User Experience and Features
All platforms as we have established basically allow you to stream music. To ensure that you are provided with well-tailored songs, Apple Music, Deezer, and YouTube allow you to select your favourite Artistes and Genres – it is not so on Boomplay.
While selecting your fav artistes on YouTube Music, you can notice a duplication in artiste names – fret not, its just a glitch.
On all the platforms, users can customize their theme – Light or Dark Mode. Boomplay even allows you to use a wide range of colours.
These platforms allow you to create your own playlist or use the recommended playlist based on your favourite artiste, genres and location. On the premium plan, users can download their favourite song/album for offline listening up to a 100GB storage space – just like downloading on your phone from the mp3 sites.
Users can also follow songs with lyrics which are provided as well as create their own profiles and upload their own songs. On Apple Music, users can listen to live radio sessions and search for songs even with lyrics, same as YouTube Music. Subscribers on Boomplay, Apple Music and YouTube Music can also watch videos of some songs.

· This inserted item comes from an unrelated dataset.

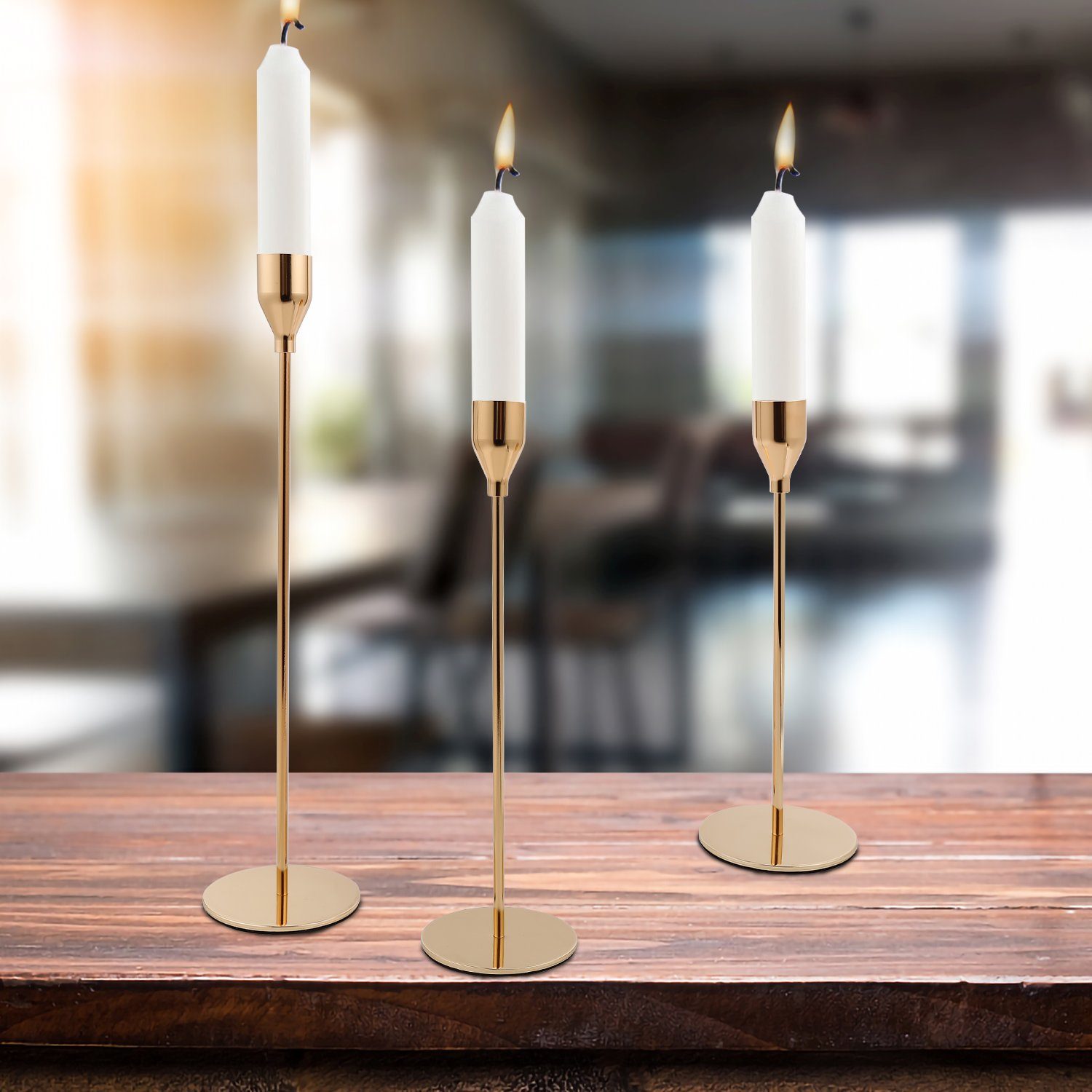 Lospitch Kerzenhalter Kerzenhalter für besondere Gold/silber Kerzenhalter Deko Anlässe 3er
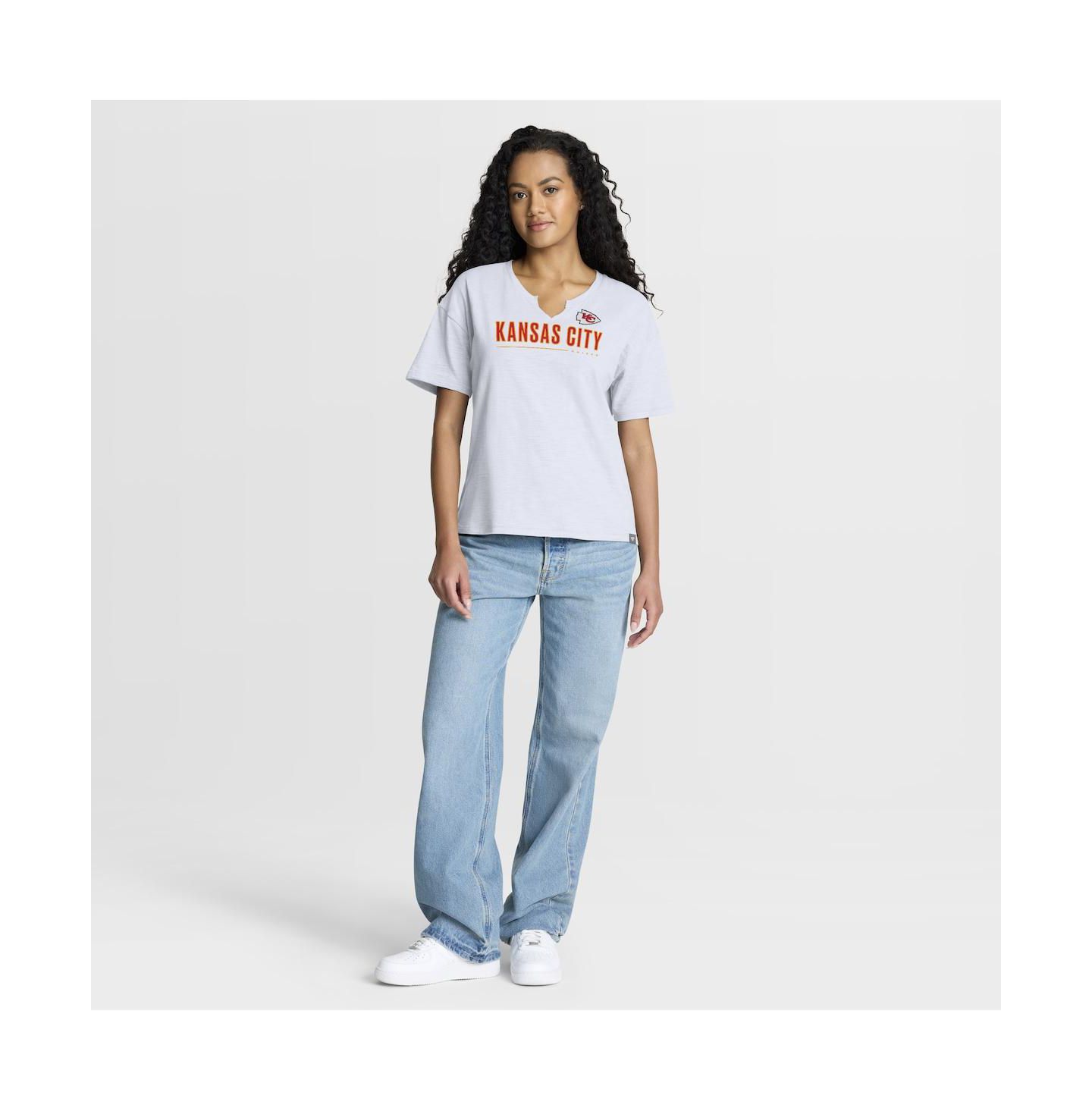 Женская футболка Fanatics White Kansas City Chiefs Redzone Slub Boxy — фото 3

On YouTube Music, users get served with long-lost musical gems and oldies through its catalogue.
Personally, I feel all the platforms are very easy to use without breaking a sweat, save Boomplay. This is probably because it does more than just let users stream music. It also has the Buzz news section and video streaming feature. The app looks cluttered and users may feel choked up at first but of course, will get used to it after a while.
This is no excuse though. YouTube Music and Apple Music which also allows you to watch videos of music and live performances still has a clean UI.

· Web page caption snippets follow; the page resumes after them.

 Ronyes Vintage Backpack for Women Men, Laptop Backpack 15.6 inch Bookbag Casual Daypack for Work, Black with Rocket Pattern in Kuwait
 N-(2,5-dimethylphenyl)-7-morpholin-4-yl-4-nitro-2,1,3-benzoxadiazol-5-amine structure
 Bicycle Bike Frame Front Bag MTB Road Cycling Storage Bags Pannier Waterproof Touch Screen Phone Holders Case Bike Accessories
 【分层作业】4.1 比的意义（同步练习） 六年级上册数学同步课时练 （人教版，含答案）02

We all have that wide and vast taste for music and as such we want a platform where we can get all our music needs, all in one place. Interestingly, all four platforms have a vast library of licenced tracks.

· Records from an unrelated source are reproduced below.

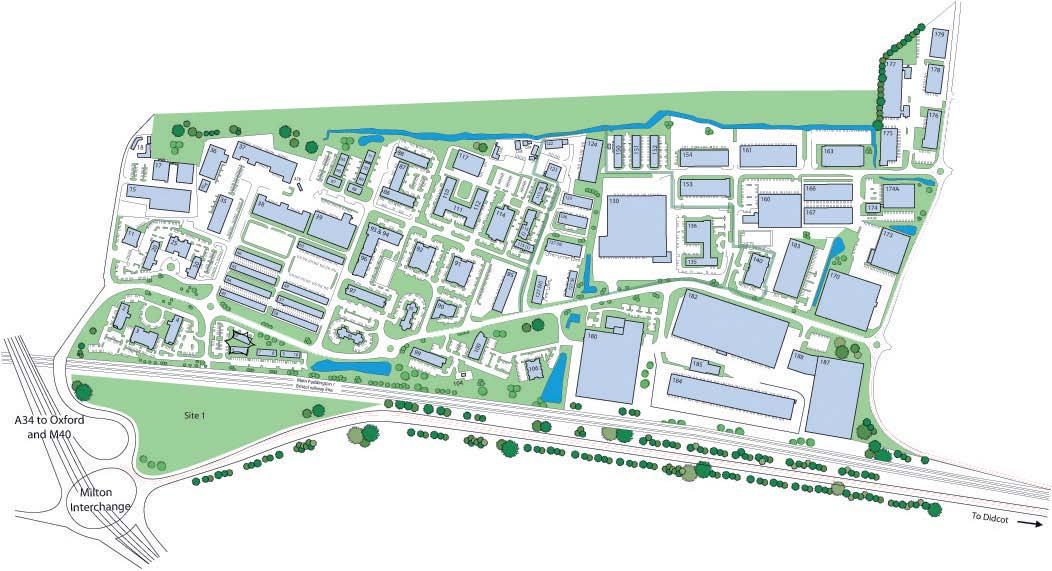 Site plan showing the layout of a business park with numbered buildings, roads, and major highway connections.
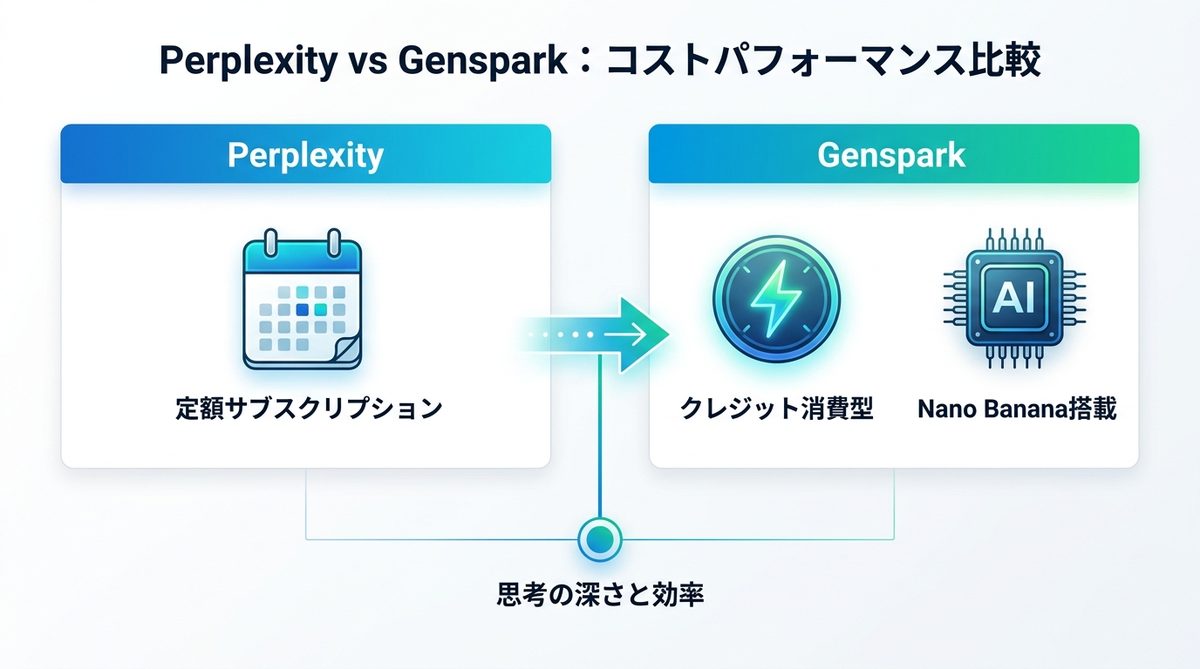 図解：Perplexity vs Genspark｜コストパフォーマンスを比較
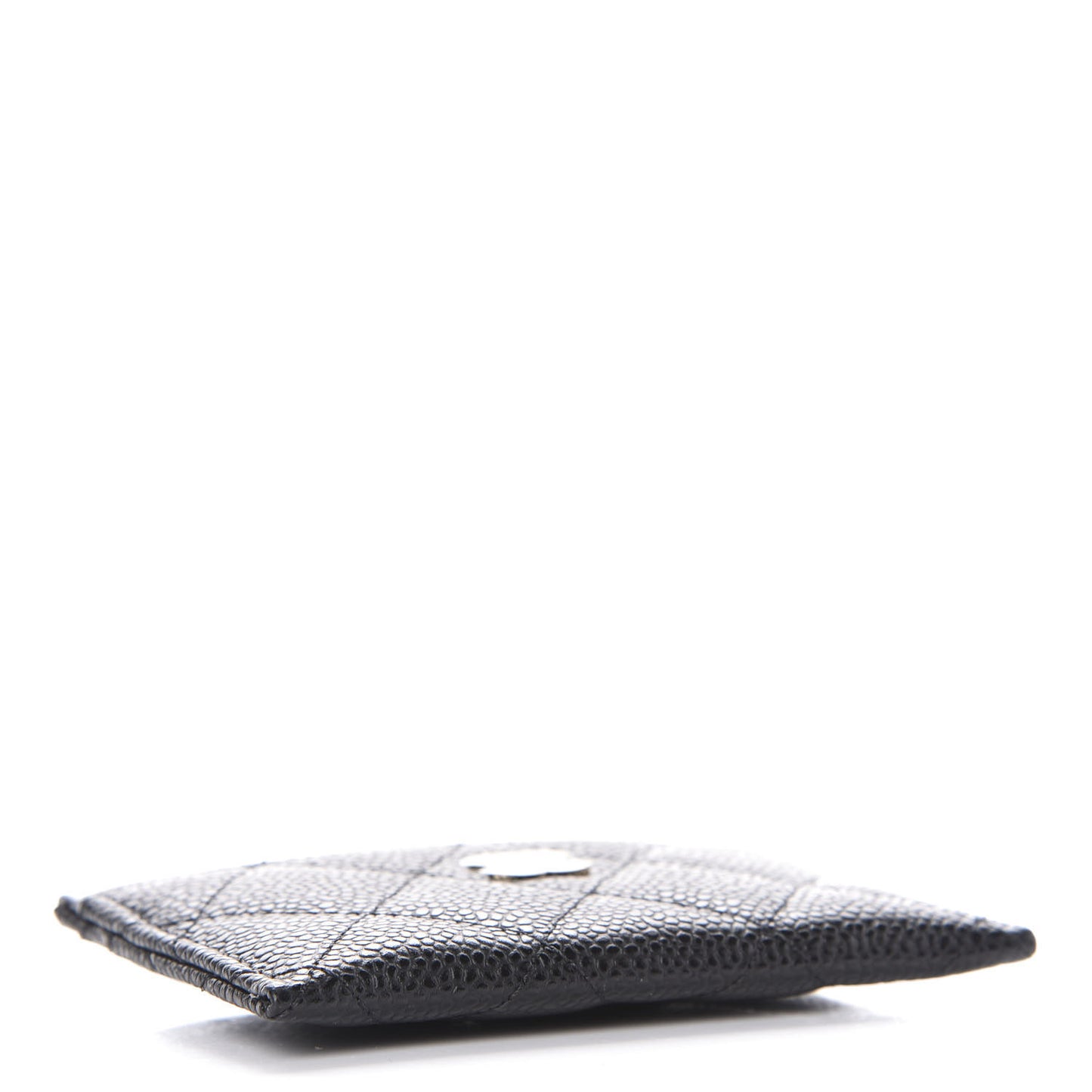 Caviar Quilted Card Holder Black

Deezer has over 56 million licensed tracks. Apple music has over 50 million songs. Boomplay has a catalogue of over 5 million songs mainly from African artistes. There are also songs from international artists.
I was amazed to see playlists from the various Nigerian producer battles that have been going on on Instagram in the last 1 week on the platform.
YouTube music, on the other hand, doesn’t give hard figures to represent the amount of songs in its catalogue. But with the number of songs available on its video streaming platform, one can guess it will be in the ranks of Deezer and Apple Music.
All platforms also have their fair share of global subscribers. There are 60 million subscribers on Apple Music, owing to the fact that it comes pre-installed in its devices. Deezer has 14 million total subscribers and 9 million are paid, subscribers.
Boomplay also has 44 million users majorly in Africa. Its popularity in Africa is largely due to the fact that it comes preloaded in Transsion smartphones – Infinix, Tecno, Itel, etc, which are the most used smartphone brands on the continent. So, if you are one to follow the majority, you know which to go for.
There are a number of good reasons to choose streaming platforms for your music dealings instead of downloading from pirated sites. Access to an almost endless music stream, both new and old is seamless and safe for your device. You also get access to music videos and live performances, beyond just the audio and the lyrics.
So whichever platform you eventually decide to use based on the pricing, perks or offerings, you are in a for a treat in the world of music.